I would think that the performance benefits of Full-Text would outweigh any setup work – but interesting point about people not installing it during setup. I have to think it’s not a ton of space to install the additional files.
And here I’ve been getting frustrated that it takes 2 hours to get to work on my cow…I should be riding a horse!
E
Nice post, and for more than just the technical review.
Grad school? That’s new information for me. What did you pursue?
I got a Master’s in Motor Control at Michigan, after I finished undergrad. It’s on my About page (http://erinstellato.com/about/). Comes in handy sometimes 🙂
Aaron – that might be my new favourite quote. Plus I REALLY want to see someone teach a cow traffic rules.
Overall, nice post Erin.
In those situations I like to ask “What does God need with a starship?” and see if the people I’m asking know what my point is (and if they’re Star Trek fans.)
[…] varchar(max) in an Index – A fundamental lesson in problem solving that is so often overlooked due to over emphasis on the solution, shared courtesy of Erin Stellato (Blog|Twitter). […]

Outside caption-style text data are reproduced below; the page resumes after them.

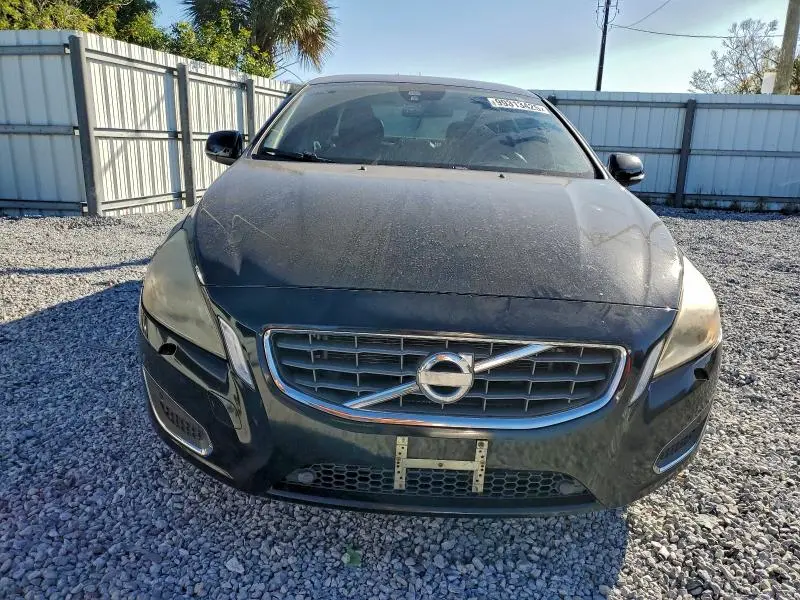 2013 VOLVO S60 T5  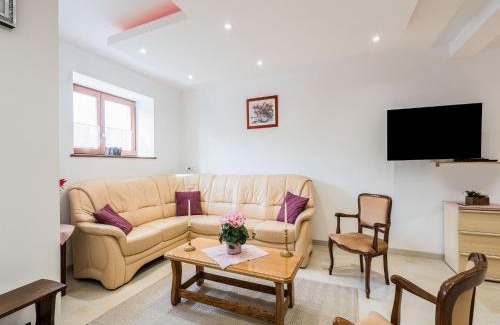 Beauraing House | Cozy Chalet with Garden, cleaning included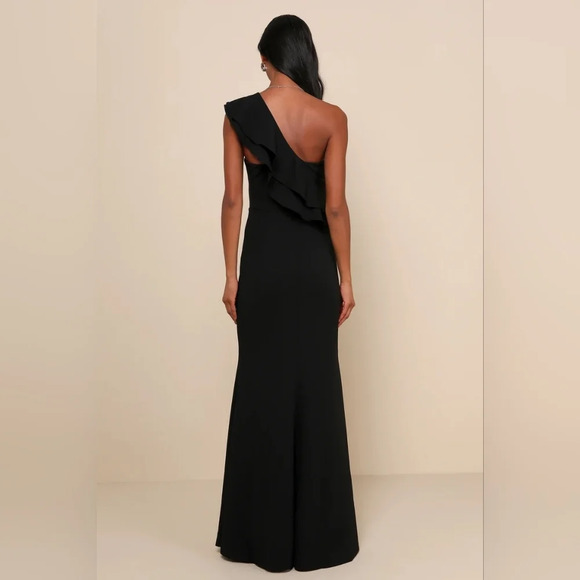 Lulu's Grand Beauty Black Ruffled One-Shoulder Mermaid Maxi Dress Wedding Party - Picture 5 of 11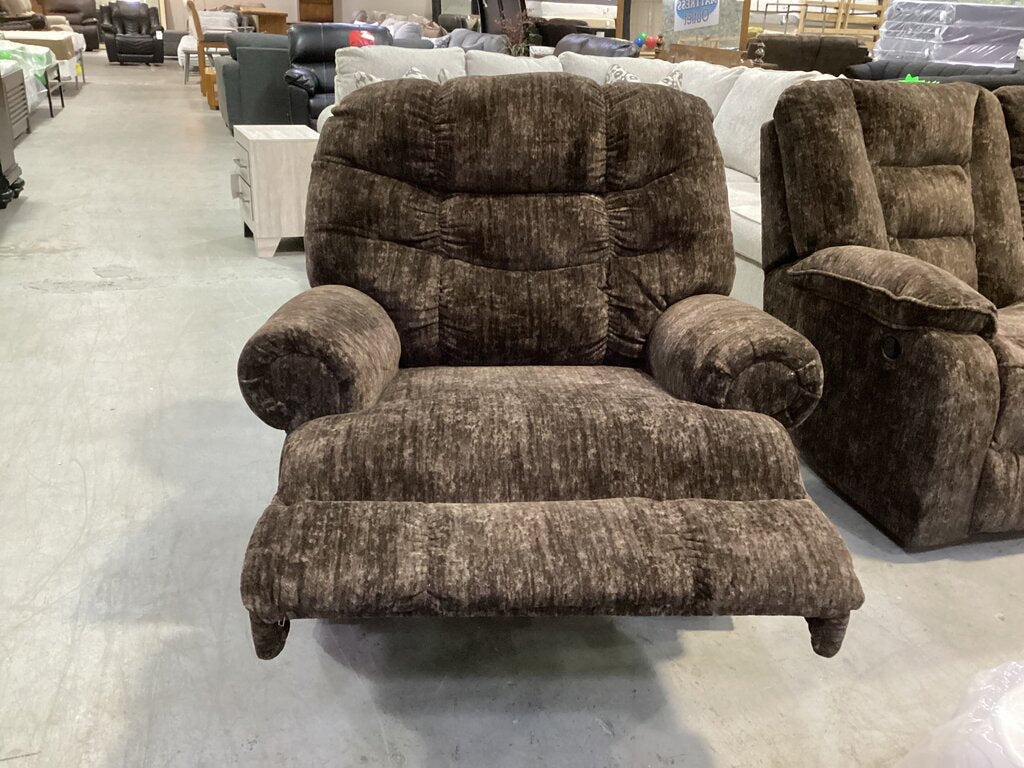 86269 Ashley Movie Man Chocolate Recliner 45x36x44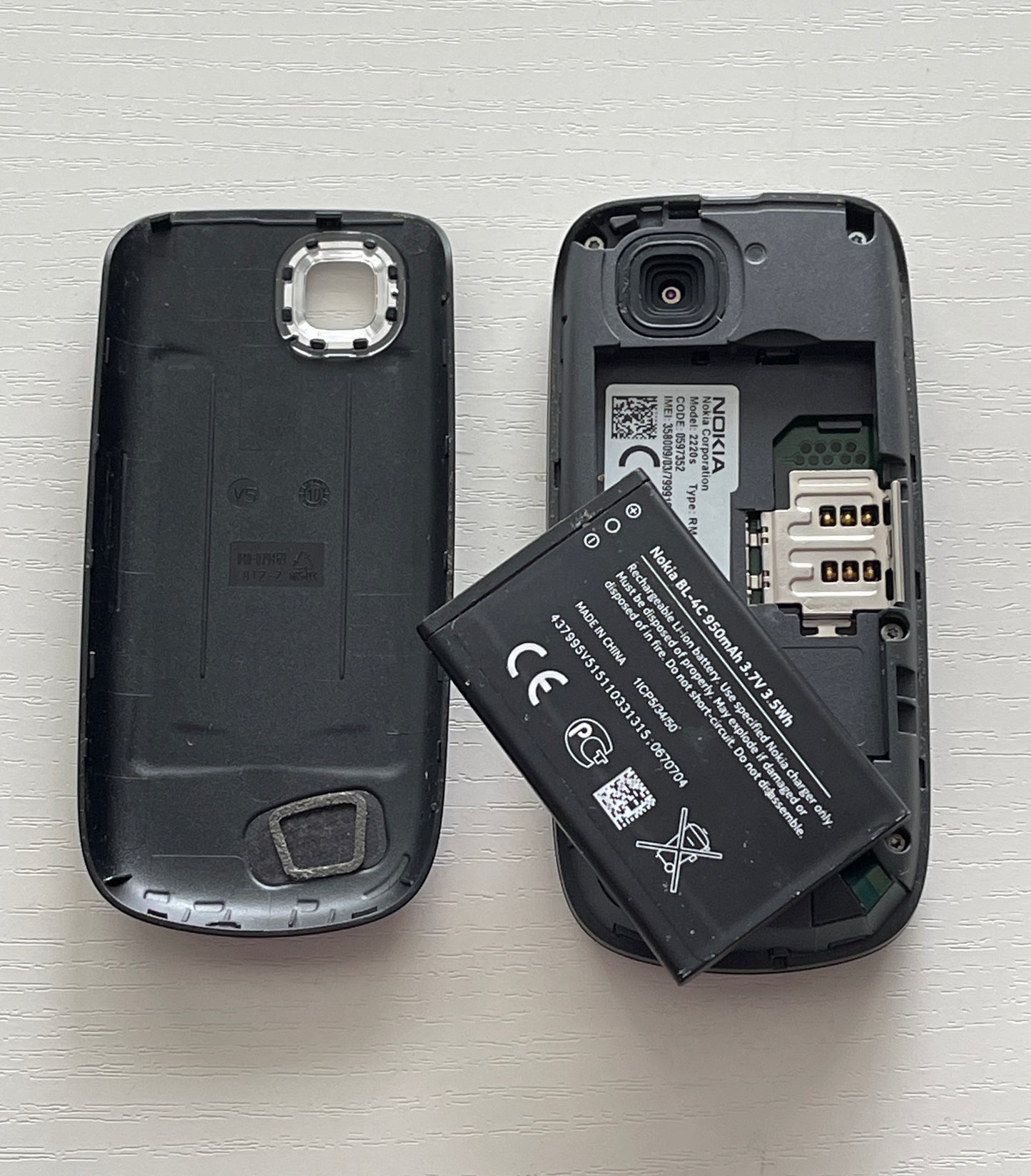 NOKIA 2220 Slide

Your blog post is an perfect example why I love SQL Server. There is always something new to learn. 🙂
Erin,
Would you shy away from adding varchar(max) columns as included columns in indexes in general? I am creating a covering index, but hesitant to ‘fully cover’ it because there are 3 varchar(max) columns being selected (along with the other columns). Would it make sense to create the covering index w/o the 3 varchar(max) columns and have key lookups get those, or is including them not going to incur as much overhead as I am thinking.
Thanks,
Jeremy
Jeremy-
A very belated reply here 🙂 But, I would add those columns only in specific circumstances. If I were searching on that column, I probably would not add it. If I were DISPLAYING it in a search result, consistently, then I might add it. You have to do the work to see if the benefit of adding it outweighs the cost. A query might run faster and be more efficient, but is it “faster enough” and efficient enough that it’s worth the cost of maintaining that column in the index, and the disk space (and space in memory) it consumes?
E
Adding nonkey columns to the index uses more disk space to store the index. In particular, adding varchar(max), nvarchar(max), varbinary(max), or xml data types as nonkey columns may significantly increase disk space requirements, because the column values are copied into the index leaf level and also remain in the table or clustered index.
https://technet.microsoft.com/en-us/library/ms189607(v=sql.105).aspx\
Correct, this is also something to consider.